I know your White Blood Cells are crucial to fighting off infections and viruses and also critical to healing the body when injured. So if my WBC are low there has to be a potential reason. The doctor explained we’re going to heavily monitor the situation to ensure it doesn’t become more serious, but his tone conveyed worry for me. And then comes what I didn’t want to hear: more tests. I have literally been poked with more needles and had so much blood drawn in the past month I have lost count.

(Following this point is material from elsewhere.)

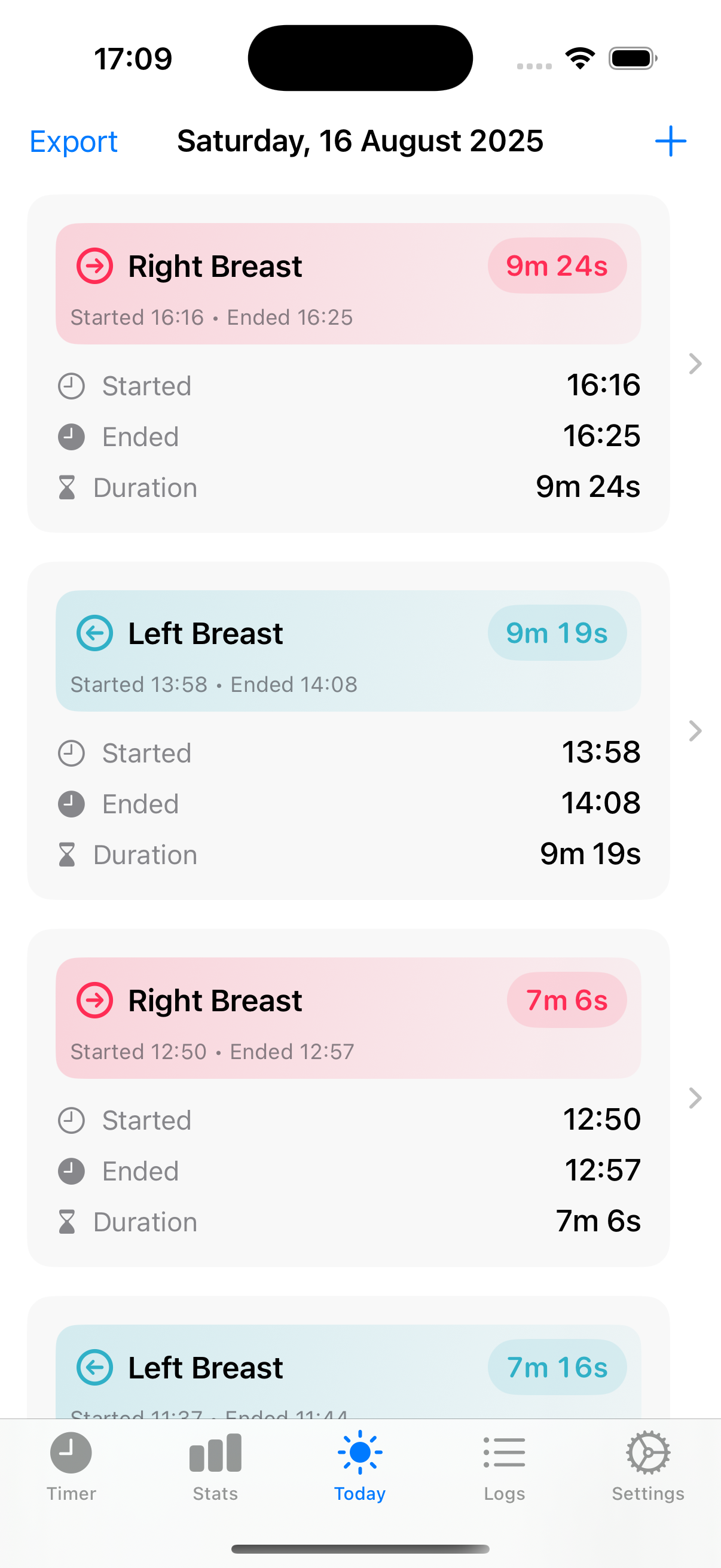 Today log feature view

However, I know from research and speaking to people, a low White Blood Cell count can be signs of possible cancer, leukemia, anemia, sickle cell and bone marrow issues. That dread immediately struck me down my shoulder as the doctor reiterated that my Uric Acid level was explicitly high, my body is producing it more than it should and it is not eliminating it at a normal pace. They were trying to control that number to get it back to a rate lower than 4, I was at a 10. That build up in the body is not good.

However, with my White Blood Count being so low there is a concern that cancer or leukemia could be present in the body so tests are being done to examine just that. Hearing the word cancer or leukemia is scary as hell. That is probably one of the reasons I hate going to the doctor because I fear receiving bad news and that is what transpired. I guess it is indeed better to know than to not know.

It wasn’t 100 percent confirmed, but the doctor stating that news freaked me out; it scared me and now it’s a waiting game yet again to get test results to know exactly what is going on with my body. My low WBC explains why my body is not quickly healing from several injuries as of late, how if I get infection or illness it seems to take longer to heal than the average person, and it also makes me more susceptible to serious viruses, illnesses and cancers people.

I know people who have been told they have cancer and the thought of having to grapple with the notion that you could literally be fighting for your life is daunting. You don’t know how serious the cancer or illness has progressed. You don’t know rather chemotherapy or radiation or a combination of both will do the job and eliminate the cancer. You then don’t know if the cancer has progressed to a state where no matter what you do you’re facing a death sentence. I almost feel like this is karma for not being more empathetic to family members who have endured various forms of cancer and survived.

I’m scared, I’m nervous and coming to a realization, all these things in life that I have been so focused on: work, family, money, none of it matters if I don’t have my health. You can be healthy one moment and the next moment you receive news where your life is completely upended people and you discover all is about to change. Are you ready for the battle, are you going to fight, are you going to give up or are you going to push through against unsurmountable odds and prove that you stronger that you appear. It looks like I am about to find out.